• ACTION ITEM
Write out, please, the lines from the beginning of the material to the line with "Today we are looking", including both ends and nothing else.
EXERCISE MATERIALS: Begin
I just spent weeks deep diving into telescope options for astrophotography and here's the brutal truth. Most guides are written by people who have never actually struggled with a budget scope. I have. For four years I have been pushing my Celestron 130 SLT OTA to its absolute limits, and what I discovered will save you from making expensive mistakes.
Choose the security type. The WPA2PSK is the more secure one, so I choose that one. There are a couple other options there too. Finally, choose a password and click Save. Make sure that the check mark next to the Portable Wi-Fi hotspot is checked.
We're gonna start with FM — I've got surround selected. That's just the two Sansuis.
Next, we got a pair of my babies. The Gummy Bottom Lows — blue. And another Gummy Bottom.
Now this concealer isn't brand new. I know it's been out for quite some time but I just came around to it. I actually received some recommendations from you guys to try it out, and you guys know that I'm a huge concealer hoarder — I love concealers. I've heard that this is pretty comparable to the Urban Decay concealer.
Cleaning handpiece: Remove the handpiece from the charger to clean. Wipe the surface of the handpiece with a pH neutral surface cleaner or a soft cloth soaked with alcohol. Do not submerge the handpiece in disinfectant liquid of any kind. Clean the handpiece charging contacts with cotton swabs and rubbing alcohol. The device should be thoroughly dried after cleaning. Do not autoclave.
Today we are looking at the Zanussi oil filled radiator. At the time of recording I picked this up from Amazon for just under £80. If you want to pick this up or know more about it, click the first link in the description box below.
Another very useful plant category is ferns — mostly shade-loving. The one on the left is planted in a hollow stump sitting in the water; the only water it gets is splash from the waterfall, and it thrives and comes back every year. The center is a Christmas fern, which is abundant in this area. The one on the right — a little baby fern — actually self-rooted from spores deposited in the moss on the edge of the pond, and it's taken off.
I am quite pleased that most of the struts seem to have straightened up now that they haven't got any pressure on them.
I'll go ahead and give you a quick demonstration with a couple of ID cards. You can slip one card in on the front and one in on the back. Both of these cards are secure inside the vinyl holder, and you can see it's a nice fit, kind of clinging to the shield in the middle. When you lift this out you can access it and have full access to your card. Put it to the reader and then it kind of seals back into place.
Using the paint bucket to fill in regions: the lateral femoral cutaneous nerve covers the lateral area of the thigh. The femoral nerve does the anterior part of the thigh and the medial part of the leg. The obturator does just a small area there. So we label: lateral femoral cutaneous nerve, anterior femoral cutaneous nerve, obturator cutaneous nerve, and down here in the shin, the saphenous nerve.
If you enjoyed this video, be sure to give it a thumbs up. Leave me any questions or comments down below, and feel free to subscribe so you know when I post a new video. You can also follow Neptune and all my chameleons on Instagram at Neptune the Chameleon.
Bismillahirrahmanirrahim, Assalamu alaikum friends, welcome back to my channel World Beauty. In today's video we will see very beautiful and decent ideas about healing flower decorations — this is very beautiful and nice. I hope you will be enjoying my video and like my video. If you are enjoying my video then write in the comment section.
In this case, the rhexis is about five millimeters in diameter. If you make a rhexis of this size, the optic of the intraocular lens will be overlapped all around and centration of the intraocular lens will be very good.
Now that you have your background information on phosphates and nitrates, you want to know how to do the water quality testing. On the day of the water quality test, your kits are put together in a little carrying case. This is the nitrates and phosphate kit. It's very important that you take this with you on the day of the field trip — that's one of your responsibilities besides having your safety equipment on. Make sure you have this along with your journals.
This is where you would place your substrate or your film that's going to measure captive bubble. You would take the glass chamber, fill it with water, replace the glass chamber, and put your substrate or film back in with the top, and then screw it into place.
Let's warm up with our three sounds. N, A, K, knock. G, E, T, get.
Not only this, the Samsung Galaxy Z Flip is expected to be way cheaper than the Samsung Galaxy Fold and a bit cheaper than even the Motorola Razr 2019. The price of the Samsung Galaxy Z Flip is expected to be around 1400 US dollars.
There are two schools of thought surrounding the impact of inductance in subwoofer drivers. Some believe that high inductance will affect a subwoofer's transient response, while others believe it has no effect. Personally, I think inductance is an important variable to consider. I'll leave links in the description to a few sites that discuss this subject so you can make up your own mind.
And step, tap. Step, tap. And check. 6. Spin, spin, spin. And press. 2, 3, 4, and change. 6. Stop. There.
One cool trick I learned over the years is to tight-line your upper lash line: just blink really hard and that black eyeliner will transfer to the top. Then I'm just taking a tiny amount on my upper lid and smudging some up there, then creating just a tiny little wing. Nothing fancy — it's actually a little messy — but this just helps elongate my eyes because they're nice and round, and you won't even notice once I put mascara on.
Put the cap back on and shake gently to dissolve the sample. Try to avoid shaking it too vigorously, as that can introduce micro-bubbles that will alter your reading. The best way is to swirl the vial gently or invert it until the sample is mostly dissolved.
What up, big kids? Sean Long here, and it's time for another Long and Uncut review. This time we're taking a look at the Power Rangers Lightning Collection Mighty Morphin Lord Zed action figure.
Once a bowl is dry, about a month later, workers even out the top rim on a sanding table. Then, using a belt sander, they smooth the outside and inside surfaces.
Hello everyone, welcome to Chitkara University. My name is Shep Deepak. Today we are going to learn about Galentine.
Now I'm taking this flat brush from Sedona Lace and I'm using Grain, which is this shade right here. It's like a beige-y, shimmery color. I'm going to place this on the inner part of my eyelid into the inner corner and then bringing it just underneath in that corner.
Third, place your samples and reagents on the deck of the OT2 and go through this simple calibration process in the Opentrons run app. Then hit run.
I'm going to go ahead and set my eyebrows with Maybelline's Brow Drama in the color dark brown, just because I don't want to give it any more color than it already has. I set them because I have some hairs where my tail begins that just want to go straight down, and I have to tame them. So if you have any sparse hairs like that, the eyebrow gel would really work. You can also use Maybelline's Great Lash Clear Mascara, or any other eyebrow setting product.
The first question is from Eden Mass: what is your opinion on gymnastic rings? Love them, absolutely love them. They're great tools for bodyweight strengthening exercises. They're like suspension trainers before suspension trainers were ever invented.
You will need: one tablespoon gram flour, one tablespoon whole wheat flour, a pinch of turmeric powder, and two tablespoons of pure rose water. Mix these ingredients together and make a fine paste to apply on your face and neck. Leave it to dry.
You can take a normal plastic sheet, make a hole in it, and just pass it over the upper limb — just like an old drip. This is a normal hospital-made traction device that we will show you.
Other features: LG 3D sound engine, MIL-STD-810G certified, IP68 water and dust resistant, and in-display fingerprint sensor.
EXERCISE MATERIALS: End
• ANSWER
I just spent weeks deep diving into telescope options for astrophotography and here's the brutal truth. Most guides are written by people who have never actually struggled with a budget scope. I have. For four years I have been pushing my Celestron 130 SLT OTA to its absolute limits, and what I discovered will save you from making expensive mistakes.
Choose the security type. The WPA2PSK is the more secure one, so I choose that one. There are a couple other options there too. Finally, choose a password and click Save. Make sure that the check mark next to the Portable Wi-Fi hotspot is checked.
We're gonna start with FM — I've got surround selected. That's just the two Sansuis.
Next, we got a pair of my babies. The Gummy Bottom Lows — blue. And another Gummy Bottom.
Now this concealer isn't brand new. I know it's been out for quite some time but I just came around to it. I actually received some recommendations from you guys to try it out, and you guys know that I'm a huge concealer hoarder — I love concealers. I've heard that this is pretty comparable to the Urban Decay concealer.
Cleaning handpiece: Remove the handpiece from the charger to clean. Wipe the surface of the handpiece with a pH neutral surface cleaner or a soft cloth soaked with alcohol. Do not submerge the handpiece in disinfectant liquid of any kind. Clean the handpiece charging contacts with cotton swabs and rubbing alcohol. The device should be thoroughly dried after cleaning. Do not autoclave.
Today we are looking at the Zanussi oil filled radiator. At the time of recording I picked this up from Amazon for just under £80. If you want to pick this up or know more about it, click the first link in the description box below.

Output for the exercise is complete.